Remember this paragraph?
“Arocdnicg to rsceearch at Cmabrigde Uinervtisy, it deosnt mttaer in waht oredr the ltteers in a wrod are, the olny iprmoatnt tihng is taht the frist and lsat ltteer are in the rghit pcale. The rset can be a toatl mses and you can sitll raed it wouthit pobelrm. Tihs is buseace the huamn mnid deos not raed ervey lteter by istlef, but the wrod as a wlohe.”
The paragraph contains a bunch of letters that are jumbled, and you are still able to read it at a normal pace. The passage speaks for itself and says that according to a research study done at Cambridge university, it doesn’t matter in what order the letters in a word are; only the first and last letters need to be in the right place. According to it, everything in the middle can be messed up and you can still easily read it even when it clearly shouldn’t be making any sense. Knowledge of Standardised spelling supports my computer to autocorrect my poor spelling. While the legitimacy of what the previous passage claims has been challenged, the basic understanding is that so long as all the ‘correct’ letters are present, skilled readers can decode what is being written. However, that requires writers to have some knowledge of standardised spelling in the first place – ‘ise’ for Australian spelling and abide by these spelling conventions. Arguably, those ‘red squiggly lines’ which appear on our typed page to warn us of misspelt words are a reminder that if I want people to take me seriously and share my message, I not only need to correct my spelling, I need to ensure my computer’s suggestion is the word I want to use.
Does technology really know what is best? Autocorrect, in very simple terms, works on the model of probability – the probability of words being followed by other words- to offer the most appropriate corrections. In 1998, Lunsford, a researcher into errors in writing, reported twenty of the most common errors in student papers and found ‘wrong words’ to be the fourth most common error. In 2008, the study was repeated with ‘wrong words’ topping the list. Misspelling, which didn’t even place in the top twenty in 1988, jumped to number five.
Autocorrect software is a handy tool. But let’s face it, it is only as intuitive as the person using it! Autocorrect won’t catch homonym errors, words like “weather’ and ‘whether” or typos that are actual words, “While in his care (car), Franz Ferdinand was assassinated.” Not to mention hideous grammatical errors for apostrophe violators such as, it’s versus its, or the banishment of commas, made famous by “Let’s eat, grandma” versus “Let’s eat grandma”. Commas, goes the refrain, save lives.

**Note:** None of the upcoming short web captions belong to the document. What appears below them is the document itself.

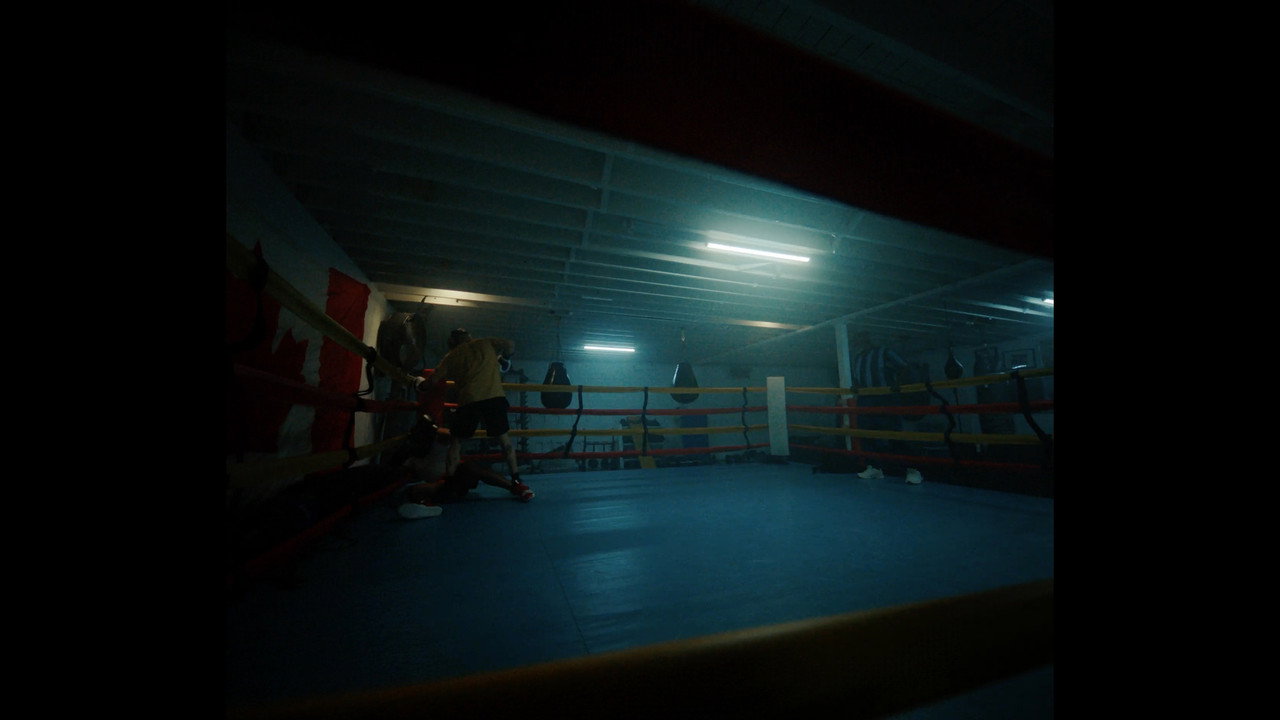 Shadow Box backdrop
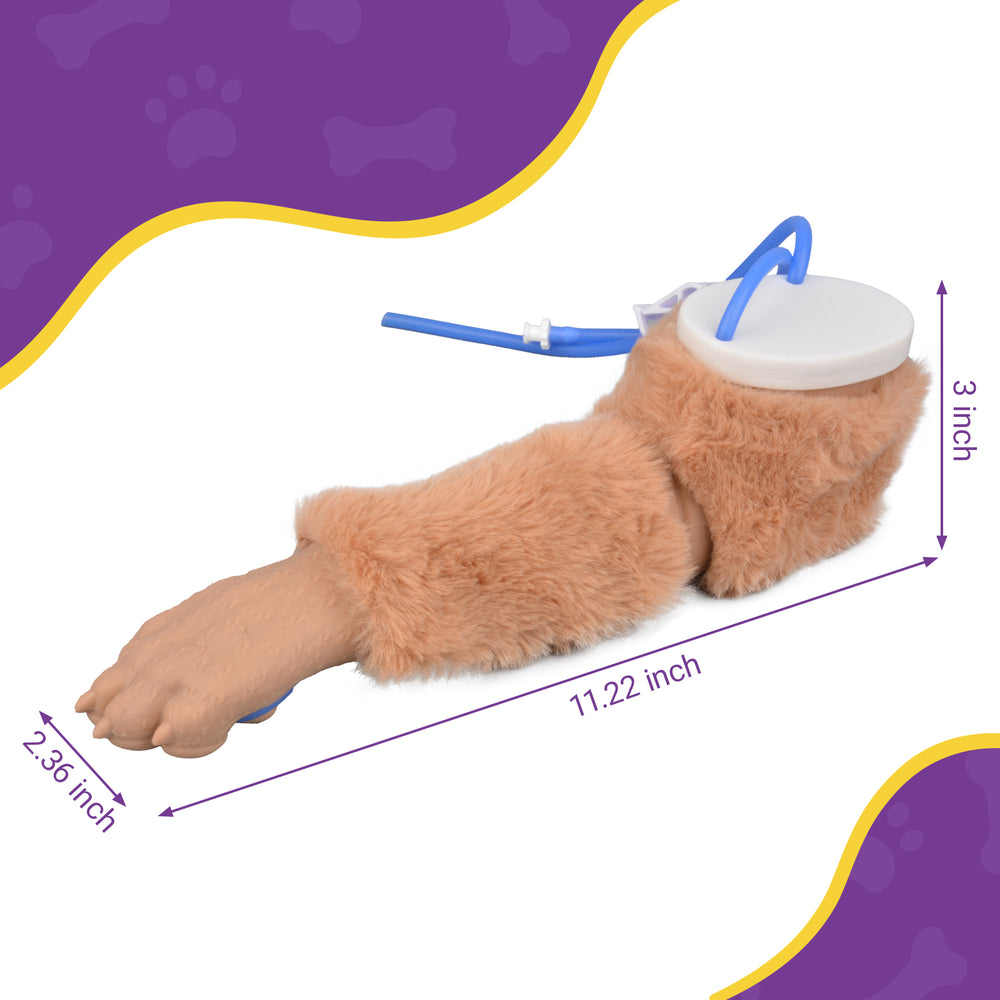 Canine IV Model Size Information for Training Use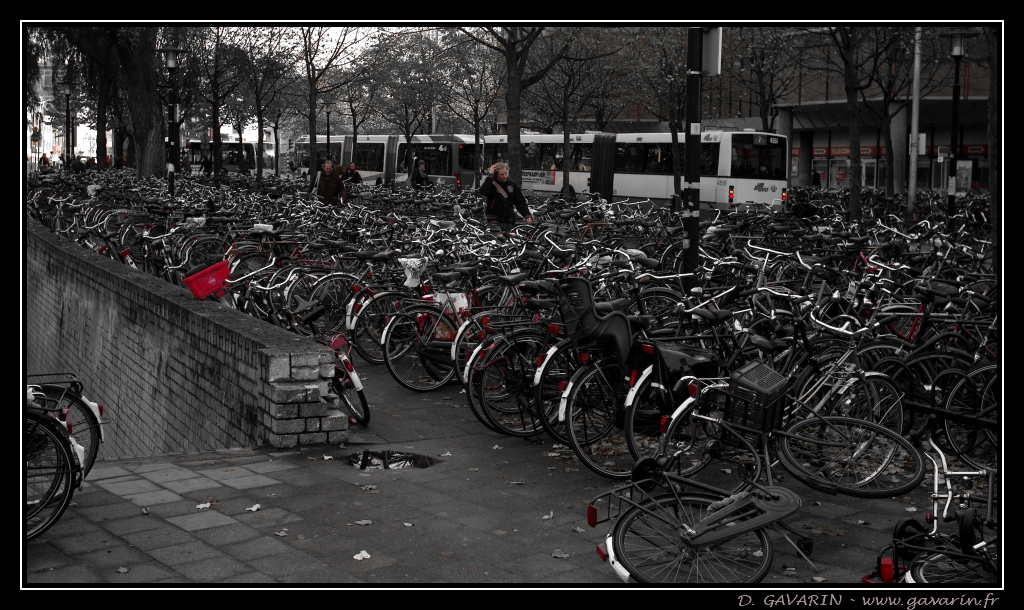 bicycles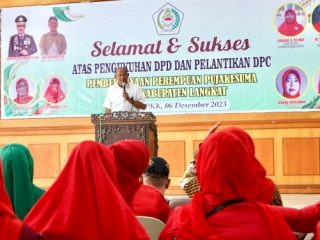 Syah Afandin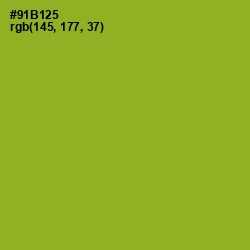 #91B125 - Sushi Color Image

That said, I have a confession, when teaching my adolescent students to write, I have been known to utter the phrase,” Don’t let your inability to spell a word get in the way of what you have to say.” I know what you’re thinking, what sort of English teacher is She? Put plainly I don’t want my student’s potential as a speller to cramp their style as a communicator. Would you write the word ‘bad’ when you really want to use ‘catastrophic”? The golden rule is this, if you know what the word means then use it. Why wouldn’t we? In speech we don’t avoid words because we can’t spell them and nor should we when we write.
Above all let’s not fear spelling, which can suffocate the sophistication of thought. Embrace autocorrect and predictive text but like any good masters – own it – don’t let it dictate your message!